* [WHAT YOU SHOULD DO]: In the records below, the line with "2Pcs Irrigateur Nasal,10ml" opens the range and the line with "Long Spectrum Spiral Necklace II" closes it; print that range exactly and nothing else.

[Opening RECORDS SUPPLIED section]

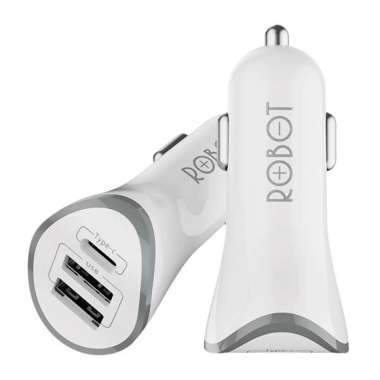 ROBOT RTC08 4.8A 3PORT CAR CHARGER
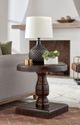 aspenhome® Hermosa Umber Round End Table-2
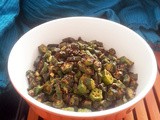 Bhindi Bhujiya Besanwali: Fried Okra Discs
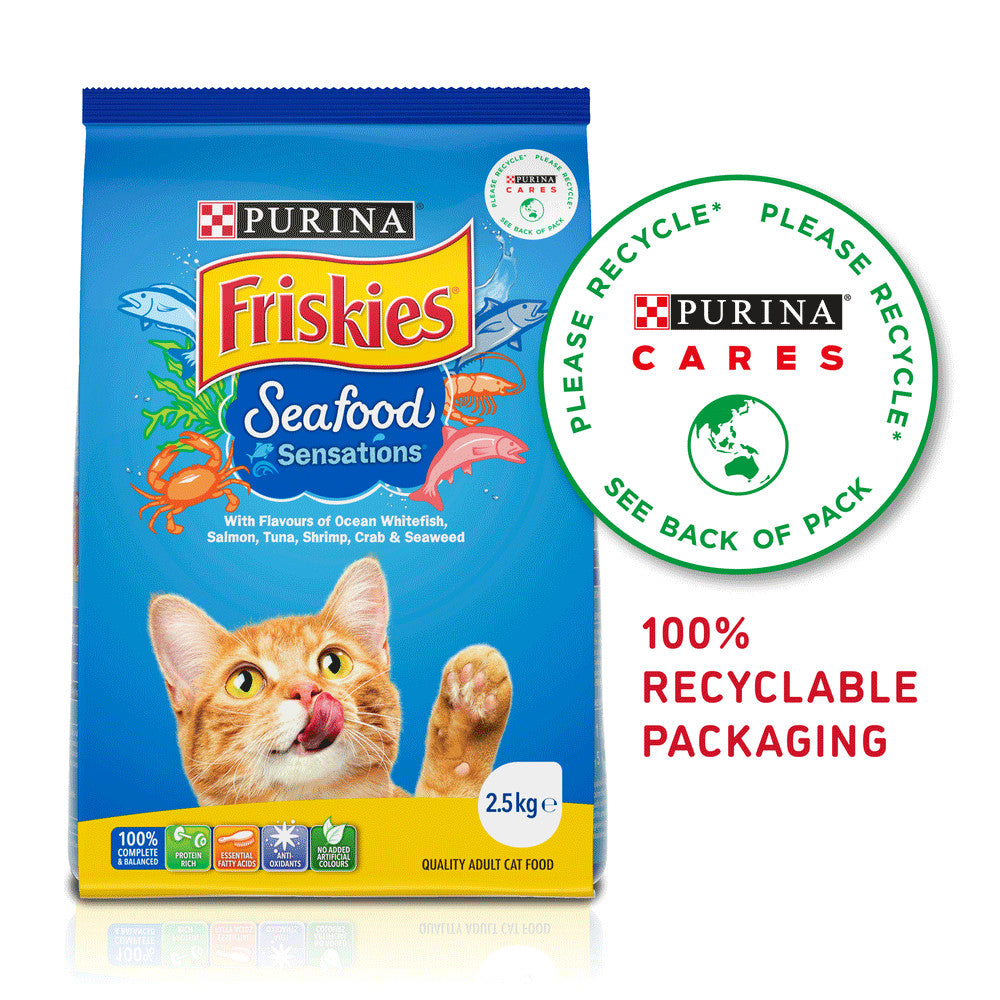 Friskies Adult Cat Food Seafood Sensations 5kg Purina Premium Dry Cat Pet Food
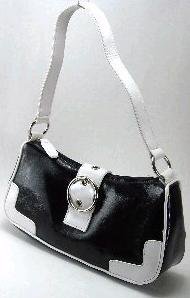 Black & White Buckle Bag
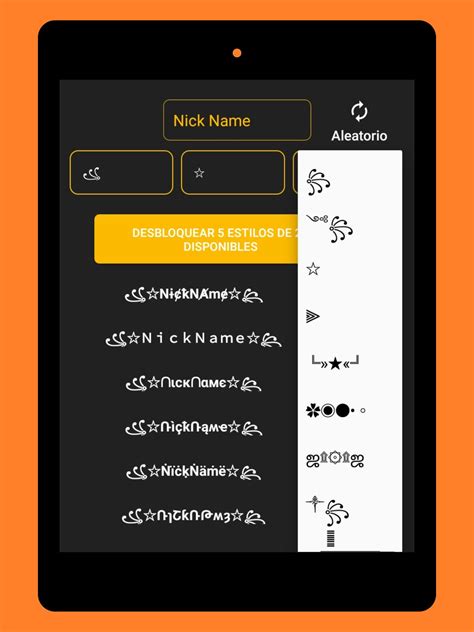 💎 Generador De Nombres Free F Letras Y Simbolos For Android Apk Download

[Closing RECORDS SUPPLIED section]
[Opening RECORDS SUPPLIED section]

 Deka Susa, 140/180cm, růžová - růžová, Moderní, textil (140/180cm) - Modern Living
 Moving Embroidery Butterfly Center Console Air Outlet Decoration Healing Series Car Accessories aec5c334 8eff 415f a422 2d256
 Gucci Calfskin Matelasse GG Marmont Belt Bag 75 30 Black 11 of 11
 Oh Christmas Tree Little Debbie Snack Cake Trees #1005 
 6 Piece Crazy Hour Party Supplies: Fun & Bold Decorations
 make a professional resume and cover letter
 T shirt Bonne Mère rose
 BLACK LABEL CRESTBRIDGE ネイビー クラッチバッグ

[Closing RECORDS SUPPLIED section]
[Opening RECORDS SUPPLIED section]

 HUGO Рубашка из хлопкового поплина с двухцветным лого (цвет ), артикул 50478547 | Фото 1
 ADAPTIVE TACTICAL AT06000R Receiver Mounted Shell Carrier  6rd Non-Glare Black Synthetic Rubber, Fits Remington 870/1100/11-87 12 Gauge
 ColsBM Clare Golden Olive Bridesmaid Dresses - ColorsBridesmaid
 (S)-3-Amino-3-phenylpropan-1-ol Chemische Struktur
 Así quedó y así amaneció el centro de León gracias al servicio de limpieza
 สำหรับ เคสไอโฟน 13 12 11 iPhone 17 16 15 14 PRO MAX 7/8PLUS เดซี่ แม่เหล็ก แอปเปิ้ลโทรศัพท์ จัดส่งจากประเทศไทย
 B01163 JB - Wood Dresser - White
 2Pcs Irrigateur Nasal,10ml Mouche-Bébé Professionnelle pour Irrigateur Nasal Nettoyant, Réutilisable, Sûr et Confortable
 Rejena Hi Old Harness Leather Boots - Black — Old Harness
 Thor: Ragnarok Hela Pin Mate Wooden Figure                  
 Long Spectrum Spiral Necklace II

[Closing RECORDS SUPPLIED section]

* [YOUR SOLUTION]:
 2Pcs Irrigateur Nasal,10ml Mouche-Bébé Professionnelle pour Irrigateur Nasal Nettoyant, Réutilisable, Sûr et Confortable
 Rejena Hi Old Harness Leather Boots - Black — Old Harness
 Thor: Ragnarok Hela Pin Mate Wooden Figure                  
 Long Spectrum Spiral Necklace II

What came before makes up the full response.